The Moon is tidally locked to Earth - a long time ago it was spinning, but after a time, the spin stopped - two factors stabilizing it: unequal mass distribution creating an equilibrium position where there's one "preferred" axis by which it faces Earth - an attractor, and the dynamic tidal forces acting as stress upon its structure, dissipating the energy - a friction, reducing the rotation speed.
So, at one point in time, it would no longer complete a full spin, but instead reverse its turn direction, start spinning in opposite direction, with maximum spin speed around the time where the "preferred" axis faces Earth, then slowing down again, until its spin stops, and reverses direction again - each time the angle smaller as the dynamic forces act against the direction of rotation - but also, with the rotation angle and angular velocity dropping, the value of the dynamic forces dropping.

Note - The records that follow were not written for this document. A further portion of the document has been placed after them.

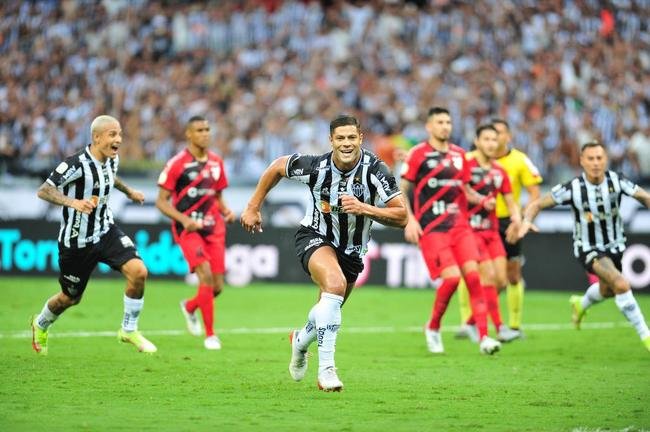 Fotos da vitria do Atltico sobre o Athletico-PR, no Mineiro, no jogo de ida da final da Copa do Brasil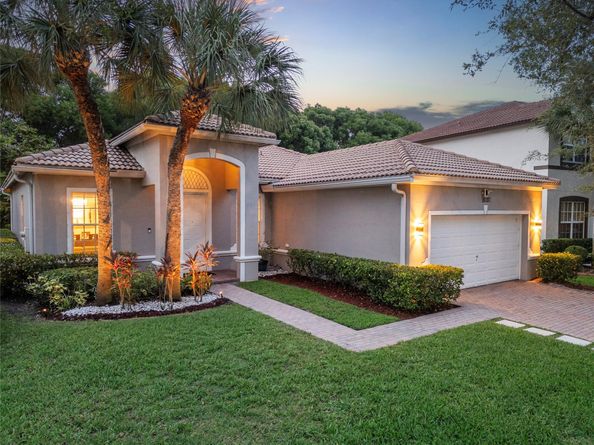 19397 Stonebrook St, Weston FL 33332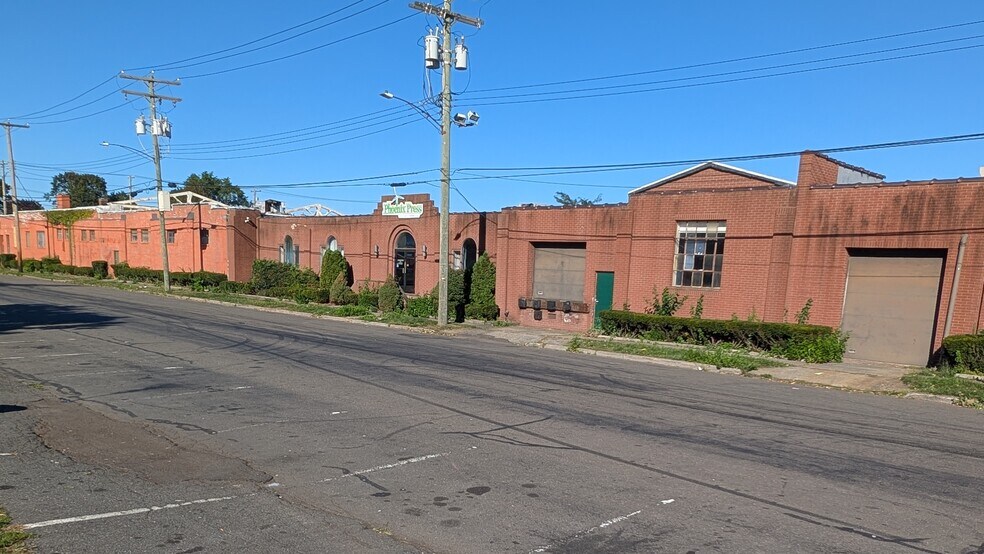 5-17 James St, New Haven, CT à vendre - Photo de l’immeuble – Image 3 sur 23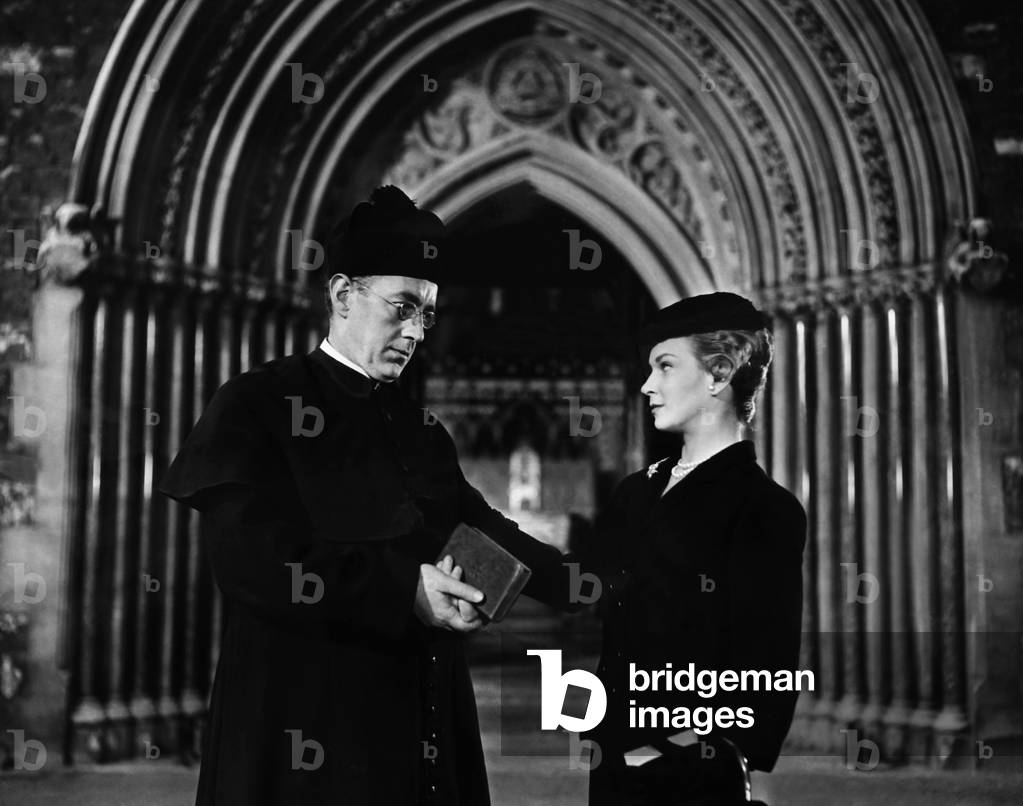 FATHER BROWN, (aka THE DETECTIVE), from left: Alec Guinness, Joan Greenwood, 1954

There is a significant apparent wobble caused by the orbit's eccentricity, and possibly some actual continuous wobble, as the result - with the attractor axis missing Earth as result. But is there any long-term oscillation left over from the times when the Moon was spinning - a harmonic motion around its original spin axis, that would likely not be in tune with the orbital period? (I imagine the period of these oscillations would be very long; after all it's about reversing Moon's spin back and forth, by a force that isn't all that strong.)